In general, the evaluation approach should follow the UNEG guidance on integrating human rights and gender equality, UNEG norms and standards and international principles for development evaluation. In particular, in line with the UN System-Wide Action Plan (UN-SWAP) on gender equality, data collection methods and process should consider gender sensitivity.

The final report should be compliant with UNEG quality checklist of evaluation reports and acknowledge how inclusive stakeholder participation was ensured during the evaluation process and any challenges to obtaining the gender equality information or to addressing these issues appropriately. Data should be systematically disaggregated by sex and age and, to the extent possible, disaggregated by geographical region, ethnicity, disability, migratory status and other contextually-relevant markers of equity. Adherence to a code of ethics and a human rights based and gender sensitive approach in the gathering, treatment and use of data collected should be made explicit in the inception report. Perspective from both rights holders and duty bearers shall be collected.

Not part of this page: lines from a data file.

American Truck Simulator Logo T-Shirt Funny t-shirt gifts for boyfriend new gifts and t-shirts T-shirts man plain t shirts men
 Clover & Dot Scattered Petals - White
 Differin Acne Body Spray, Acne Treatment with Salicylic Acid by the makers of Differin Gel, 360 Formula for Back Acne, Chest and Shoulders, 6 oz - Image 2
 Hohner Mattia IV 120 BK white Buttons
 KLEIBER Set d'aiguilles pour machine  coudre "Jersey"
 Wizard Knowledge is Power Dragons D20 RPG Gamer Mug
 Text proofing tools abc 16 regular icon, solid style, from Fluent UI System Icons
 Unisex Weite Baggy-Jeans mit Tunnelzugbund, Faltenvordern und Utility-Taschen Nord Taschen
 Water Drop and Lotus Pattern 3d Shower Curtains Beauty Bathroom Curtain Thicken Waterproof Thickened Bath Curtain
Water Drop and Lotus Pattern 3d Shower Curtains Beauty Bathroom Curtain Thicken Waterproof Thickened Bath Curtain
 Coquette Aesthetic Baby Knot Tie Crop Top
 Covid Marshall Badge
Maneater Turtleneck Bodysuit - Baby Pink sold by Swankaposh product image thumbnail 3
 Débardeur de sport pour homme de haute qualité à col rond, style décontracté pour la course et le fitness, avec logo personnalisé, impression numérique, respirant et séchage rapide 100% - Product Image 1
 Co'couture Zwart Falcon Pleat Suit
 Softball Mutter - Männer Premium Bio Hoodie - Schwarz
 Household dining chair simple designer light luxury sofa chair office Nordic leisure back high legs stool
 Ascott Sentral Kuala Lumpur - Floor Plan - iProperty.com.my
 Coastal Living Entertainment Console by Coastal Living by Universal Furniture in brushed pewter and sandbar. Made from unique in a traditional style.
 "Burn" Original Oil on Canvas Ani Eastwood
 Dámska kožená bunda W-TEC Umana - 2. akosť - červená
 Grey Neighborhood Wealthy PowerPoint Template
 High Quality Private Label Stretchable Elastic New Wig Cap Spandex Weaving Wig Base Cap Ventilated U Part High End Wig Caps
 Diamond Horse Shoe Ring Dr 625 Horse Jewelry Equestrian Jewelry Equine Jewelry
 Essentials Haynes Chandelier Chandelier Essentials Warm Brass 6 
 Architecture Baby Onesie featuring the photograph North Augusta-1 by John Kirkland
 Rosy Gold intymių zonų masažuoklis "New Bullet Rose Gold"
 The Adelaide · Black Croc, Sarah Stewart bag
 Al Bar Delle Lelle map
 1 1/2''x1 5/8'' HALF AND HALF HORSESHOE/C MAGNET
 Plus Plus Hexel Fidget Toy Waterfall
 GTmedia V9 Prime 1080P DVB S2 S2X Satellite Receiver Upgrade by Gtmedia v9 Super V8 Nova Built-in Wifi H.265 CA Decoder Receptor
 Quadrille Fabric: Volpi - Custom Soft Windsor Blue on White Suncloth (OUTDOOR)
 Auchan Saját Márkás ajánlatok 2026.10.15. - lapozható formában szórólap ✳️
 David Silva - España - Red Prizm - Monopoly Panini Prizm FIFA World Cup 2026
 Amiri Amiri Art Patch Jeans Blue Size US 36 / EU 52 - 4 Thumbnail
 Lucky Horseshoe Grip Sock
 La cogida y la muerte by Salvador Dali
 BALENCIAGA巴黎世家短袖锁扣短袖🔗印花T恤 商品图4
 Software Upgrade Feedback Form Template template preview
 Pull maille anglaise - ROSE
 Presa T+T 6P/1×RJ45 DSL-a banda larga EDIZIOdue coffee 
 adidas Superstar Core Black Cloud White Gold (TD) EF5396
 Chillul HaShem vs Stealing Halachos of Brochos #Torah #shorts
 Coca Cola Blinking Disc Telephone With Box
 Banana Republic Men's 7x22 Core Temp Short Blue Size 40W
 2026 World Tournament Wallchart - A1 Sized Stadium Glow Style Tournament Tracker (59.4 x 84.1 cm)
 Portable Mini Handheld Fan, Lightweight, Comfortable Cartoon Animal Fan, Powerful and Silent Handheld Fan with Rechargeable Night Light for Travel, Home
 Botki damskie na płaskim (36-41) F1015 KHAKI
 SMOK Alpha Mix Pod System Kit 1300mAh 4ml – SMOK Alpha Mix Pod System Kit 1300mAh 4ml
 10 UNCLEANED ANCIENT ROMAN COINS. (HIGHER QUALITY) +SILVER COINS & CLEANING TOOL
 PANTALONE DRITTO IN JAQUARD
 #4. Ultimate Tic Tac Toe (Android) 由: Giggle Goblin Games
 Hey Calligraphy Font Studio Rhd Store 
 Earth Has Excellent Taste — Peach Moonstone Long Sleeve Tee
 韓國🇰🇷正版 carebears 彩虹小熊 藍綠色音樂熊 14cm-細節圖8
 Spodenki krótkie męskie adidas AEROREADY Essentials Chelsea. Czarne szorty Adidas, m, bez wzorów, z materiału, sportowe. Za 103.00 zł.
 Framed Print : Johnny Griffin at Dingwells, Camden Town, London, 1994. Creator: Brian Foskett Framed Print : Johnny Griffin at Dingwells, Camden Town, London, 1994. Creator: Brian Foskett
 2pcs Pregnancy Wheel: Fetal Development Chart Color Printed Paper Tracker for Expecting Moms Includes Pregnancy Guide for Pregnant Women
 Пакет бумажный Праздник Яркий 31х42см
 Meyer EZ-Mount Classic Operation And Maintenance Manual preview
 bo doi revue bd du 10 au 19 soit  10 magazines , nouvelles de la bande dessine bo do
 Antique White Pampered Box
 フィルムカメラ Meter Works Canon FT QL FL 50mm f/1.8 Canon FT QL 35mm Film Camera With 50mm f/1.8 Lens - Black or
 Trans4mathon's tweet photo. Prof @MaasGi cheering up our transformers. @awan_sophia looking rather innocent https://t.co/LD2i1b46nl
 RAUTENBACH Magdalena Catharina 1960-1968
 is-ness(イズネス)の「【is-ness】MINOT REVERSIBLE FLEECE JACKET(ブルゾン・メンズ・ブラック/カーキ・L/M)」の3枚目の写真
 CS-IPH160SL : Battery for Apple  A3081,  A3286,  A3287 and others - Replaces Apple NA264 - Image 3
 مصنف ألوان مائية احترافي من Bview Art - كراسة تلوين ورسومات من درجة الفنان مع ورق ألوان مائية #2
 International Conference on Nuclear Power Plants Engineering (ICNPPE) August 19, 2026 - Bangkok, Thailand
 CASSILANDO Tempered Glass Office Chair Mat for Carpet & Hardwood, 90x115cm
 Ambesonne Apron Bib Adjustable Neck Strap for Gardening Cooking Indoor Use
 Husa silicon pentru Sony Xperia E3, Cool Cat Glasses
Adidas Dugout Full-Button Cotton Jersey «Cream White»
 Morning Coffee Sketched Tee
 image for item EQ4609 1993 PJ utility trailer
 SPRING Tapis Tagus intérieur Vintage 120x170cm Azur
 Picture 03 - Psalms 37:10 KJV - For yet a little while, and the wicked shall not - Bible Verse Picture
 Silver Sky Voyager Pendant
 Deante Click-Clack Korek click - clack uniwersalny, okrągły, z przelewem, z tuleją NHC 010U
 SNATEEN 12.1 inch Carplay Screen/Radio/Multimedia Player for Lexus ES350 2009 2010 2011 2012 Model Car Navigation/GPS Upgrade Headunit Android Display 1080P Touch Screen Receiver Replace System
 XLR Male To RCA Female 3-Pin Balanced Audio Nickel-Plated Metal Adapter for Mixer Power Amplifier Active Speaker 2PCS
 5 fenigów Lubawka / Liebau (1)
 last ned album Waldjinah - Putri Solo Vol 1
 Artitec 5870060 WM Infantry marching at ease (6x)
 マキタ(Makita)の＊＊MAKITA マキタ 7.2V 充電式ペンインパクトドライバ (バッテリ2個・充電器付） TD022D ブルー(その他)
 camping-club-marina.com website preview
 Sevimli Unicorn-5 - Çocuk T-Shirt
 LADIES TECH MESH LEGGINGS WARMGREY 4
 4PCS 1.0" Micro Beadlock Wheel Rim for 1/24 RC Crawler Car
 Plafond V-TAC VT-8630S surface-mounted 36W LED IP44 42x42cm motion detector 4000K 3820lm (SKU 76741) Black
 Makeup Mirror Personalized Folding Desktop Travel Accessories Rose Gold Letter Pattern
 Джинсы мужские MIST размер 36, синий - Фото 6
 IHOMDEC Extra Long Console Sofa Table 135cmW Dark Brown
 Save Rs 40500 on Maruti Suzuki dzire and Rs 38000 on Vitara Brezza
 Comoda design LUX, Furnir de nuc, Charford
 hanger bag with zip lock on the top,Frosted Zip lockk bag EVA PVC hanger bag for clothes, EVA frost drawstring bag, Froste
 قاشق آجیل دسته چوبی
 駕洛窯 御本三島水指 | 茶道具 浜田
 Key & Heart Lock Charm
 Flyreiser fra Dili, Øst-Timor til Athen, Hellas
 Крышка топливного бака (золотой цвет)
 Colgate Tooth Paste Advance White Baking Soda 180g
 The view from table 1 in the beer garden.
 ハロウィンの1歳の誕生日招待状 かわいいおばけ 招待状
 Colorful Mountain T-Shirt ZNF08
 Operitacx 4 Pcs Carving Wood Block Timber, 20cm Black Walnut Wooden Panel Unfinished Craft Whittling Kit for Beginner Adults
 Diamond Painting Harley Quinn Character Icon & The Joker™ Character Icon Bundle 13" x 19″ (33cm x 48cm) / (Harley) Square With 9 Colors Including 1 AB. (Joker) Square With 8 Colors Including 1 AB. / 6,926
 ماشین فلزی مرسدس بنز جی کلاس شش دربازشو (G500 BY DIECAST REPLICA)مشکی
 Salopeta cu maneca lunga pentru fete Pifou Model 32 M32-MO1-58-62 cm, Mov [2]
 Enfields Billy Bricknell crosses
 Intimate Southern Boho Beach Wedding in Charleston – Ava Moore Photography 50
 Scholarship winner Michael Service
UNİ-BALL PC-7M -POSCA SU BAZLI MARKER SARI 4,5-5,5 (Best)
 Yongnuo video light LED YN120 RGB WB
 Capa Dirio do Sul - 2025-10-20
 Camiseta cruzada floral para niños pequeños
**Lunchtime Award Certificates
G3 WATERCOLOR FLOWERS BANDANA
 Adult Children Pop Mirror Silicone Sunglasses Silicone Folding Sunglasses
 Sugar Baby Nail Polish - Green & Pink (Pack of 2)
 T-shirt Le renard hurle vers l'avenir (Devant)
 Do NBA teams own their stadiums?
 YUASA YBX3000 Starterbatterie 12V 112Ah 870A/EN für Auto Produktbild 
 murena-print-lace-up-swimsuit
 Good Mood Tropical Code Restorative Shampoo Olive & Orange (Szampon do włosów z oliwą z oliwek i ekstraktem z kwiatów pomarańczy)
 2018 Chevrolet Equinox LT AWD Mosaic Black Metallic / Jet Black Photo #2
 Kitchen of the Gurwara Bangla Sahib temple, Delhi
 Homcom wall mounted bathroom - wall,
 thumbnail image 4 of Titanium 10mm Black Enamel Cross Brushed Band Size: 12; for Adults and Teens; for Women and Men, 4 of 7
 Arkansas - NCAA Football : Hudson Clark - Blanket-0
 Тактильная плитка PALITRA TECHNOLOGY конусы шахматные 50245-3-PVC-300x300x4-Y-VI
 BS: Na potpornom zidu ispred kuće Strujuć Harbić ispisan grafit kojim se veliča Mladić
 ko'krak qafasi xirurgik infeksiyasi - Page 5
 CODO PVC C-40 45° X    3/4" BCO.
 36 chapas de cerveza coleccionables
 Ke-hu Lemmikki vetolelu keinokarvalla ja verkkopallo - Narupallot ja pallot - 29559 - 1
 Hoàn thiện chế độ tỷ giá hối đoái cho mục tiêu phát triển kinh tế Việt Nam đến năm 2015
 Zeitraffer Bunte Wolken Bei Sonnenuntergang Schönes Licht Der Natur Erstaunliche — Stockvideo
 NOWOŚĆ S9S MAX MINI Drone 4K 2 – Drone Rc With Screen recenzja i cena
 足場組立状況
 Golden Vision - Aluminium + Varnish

Validation: The UNCDP evaluation will use a variety of validation methods to ensure that the data and information used and conclusions made carry the necessary depth. Triangulation of information sources and findings improved validity, quality and use of evaluation.

This work will be done through three key phases:

1. Planning and preliminary analysis - preparation for work, collections of documents, preliminary desk review, meetings with the UNKT in support to preparations for an Inception Report;
2. Conduct of the evaluation – Field mission including meeting with all agreed relevant stakeholders leading up to preparation of the Draft UNCDP Evaluation Report;
3. Follow up and finalization – Production of the Final UNCDP Evaluation Report, and coordination with UNKT to finalize the report.

Key UN resources that will be used for evaluation:
http://www.uneval.org/document/guidance-documents
http://www.uneval.org/document/download/2014
http://www.unwomen.org/en/how-we-work/un-system-coordination/promoting-un-accountability
http://www.unevaluation.org/document/detail/607

Management and Conduct of the Evaluation

The UNCDP evaluation consultant will work under the supervision of a dual-tiered evaluation management structure: an UNDAF Evaluation Steering Committee (UESC) and an UNDAF Evaluation Management Group (UEMG) and with the advisory support of the Evaluation Reference Group. These are ad-hoc structures created for the duration of the UNADF evaluation as is required by the UNEG evaluation guidelines as well as UNDGs UNDAF evaluation guidelines for ToRs.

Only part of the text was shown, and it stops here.